Thank you for that.
You're absolutely right. There are funds we have available now: the Canada community-building fund, which was the former gas tax fund; the green building fund; the disaster mitigation fund; and even the ports modernization review. There's some funding that is expected to come through that review.
The bottom line is that when it comes to climate change and the cost, what we're trying to do, not only through those funds but also through the carbon tax—carbon pricing—is contribute a lot of the dollars we collect, in this case from the polluters, and repurpose that money back to the municipalities. The wildfires and the hundred-year storms, which are now five-year storms, cost money, and that lands, and quite frankly defaults, onto property taxes and water bills.
In giving through those funds at all levels of government, and particularly here at the federal level of government—the ones I just mentioned, as well as the carbon tax—money is going back to residents, with 90% going to individuals and 10% back to municipalities, which mitigates the impact on the property tax and the water bills.
However, you raised a good point about debentures.

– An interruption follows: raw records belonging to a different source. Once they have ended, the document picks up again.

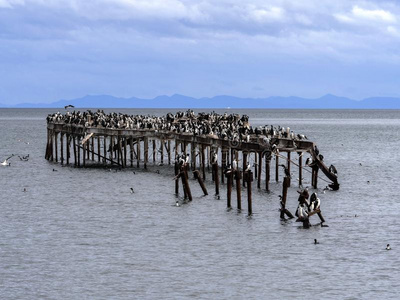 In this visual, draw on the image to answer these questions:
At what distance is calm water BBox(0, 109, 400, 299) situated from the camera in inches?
1337

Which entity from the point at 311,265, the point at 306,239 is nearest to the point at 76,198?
the point at 306,239

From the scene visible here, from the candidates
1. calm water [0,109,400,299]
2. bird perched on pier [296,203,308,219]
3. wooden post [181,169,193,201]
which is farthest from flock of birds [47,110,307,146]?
bird perched on pier [296,203,308,219]

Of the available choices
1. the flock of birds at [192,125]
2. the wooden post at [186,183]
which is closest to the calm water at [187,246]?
the wooden post at [186,183]

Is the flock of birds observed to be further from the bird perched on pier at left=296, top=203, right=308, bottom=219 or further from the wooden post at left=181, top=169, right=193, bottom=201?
the bird perched on pier at left=296, top=203, right=308, bottom=219

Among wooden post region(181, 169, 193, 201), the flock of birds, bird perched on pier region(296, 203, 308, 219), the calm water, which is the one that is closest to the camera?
the calm water

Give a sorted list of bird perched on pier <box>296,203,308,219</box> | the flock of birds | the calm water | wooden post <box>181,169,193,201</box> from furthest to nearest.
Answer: the flock of birds
wooden post <box>181,169,193,201</box>
bird perched on pier <box>296,203,308,219</box>
the calm water

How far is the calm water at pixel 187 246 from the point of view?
34.0m

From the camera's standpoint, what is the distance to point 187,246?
41750 mm

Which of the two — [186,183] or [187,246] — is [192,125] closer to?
[186,183]

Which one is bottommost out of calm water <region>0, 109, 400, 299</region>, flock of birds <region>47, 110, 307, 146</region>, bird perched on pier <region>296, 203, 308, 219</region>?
calm water <region>0, 109, 400, 299</region>

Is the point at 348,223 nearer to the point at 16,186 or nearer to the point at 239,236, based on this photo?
the point at 239,236

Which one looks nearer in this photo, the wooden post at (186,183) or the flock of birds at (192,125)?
the wooden post at (186,183)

Would you agree that if we had a sustainable fund, whether through the FCM or other mechanisms, municipalities could then take full advantage of debenturing a lot of that infrastructure work over a period of time? It could be handed down, but they would be using the funds available at all levels of government to pay down that debenture so that their operating budgets aren't impacting their capital planning and their capital budgets, based on that money sustainably funding their operating budget and mitigating the default impact on the property tax and water bills.